● **AIM OF THE TASK**: Your answer should be only the lines below from the one with "Asphalt Shingles Roofing" to the one with "СВАБЕДНАЯ ФОТСЕССИИЯ В", repeated exactly, ends included.

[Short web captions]
%%

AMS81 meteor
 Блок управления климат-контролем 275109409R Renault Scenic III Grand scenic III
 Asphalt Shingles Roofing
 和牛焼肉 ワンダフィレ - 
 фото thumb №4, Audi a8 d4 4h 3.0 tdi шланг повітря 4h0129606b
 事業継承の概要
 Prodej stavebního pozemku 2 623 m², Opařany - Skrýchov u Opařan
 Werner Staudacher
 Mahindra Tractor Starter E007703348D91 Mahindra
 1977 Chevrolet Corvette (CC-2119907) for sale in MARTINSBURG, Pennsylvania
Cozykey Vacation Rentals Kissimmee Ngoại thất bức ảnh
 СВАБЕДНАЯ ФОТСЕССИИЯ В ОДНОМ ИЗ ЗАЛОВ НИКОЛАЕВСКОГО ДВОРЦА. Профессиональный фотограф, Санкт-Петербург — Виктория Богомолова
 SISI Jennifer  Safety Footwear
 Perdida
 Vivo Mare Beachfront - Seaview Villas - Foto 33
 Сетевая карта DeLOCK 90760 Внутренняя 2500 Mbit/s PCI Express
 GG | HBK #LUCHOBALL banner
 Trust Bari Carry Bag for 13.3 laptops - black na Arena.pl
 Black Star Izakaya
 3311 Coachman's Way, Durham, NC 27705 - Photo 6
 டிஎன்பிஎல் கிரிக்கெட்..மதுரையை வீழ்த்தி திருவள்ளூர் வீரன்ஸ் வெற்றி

%%

● **YOUR SOLUTION**:
 Asphalt Shingles Roofing
 和牛焼肉 ワンダフィレ - 
 фото thumb №4, Audi a8 d4 4h 3.0 tdi шланг повітря 4h0129606b
 事業継承の概要
 Prodej stavebního pozemku 2 623 m², Opařany - Skrýchov u Opařan
 Werner Staudacher
 Mahindra Tractor Starter E007703348D91 Mahindra
 1977 Chevrolet Corvette (CC-2119907) for sale in MARTINSBURG, Pennsylvania
Cozykey Vacation Rentals Kissimmee Ngoại thất bức ảnh
 СВАБЕДНАЯ ФОТСЕССИИЯ В ОДНОМ ИЗ ЗАЛОВ НИКОЛАЕВСКОГО ДВОРЦА. Профессиональный фотограф, Санкт-Петербург — Виктория Богомолова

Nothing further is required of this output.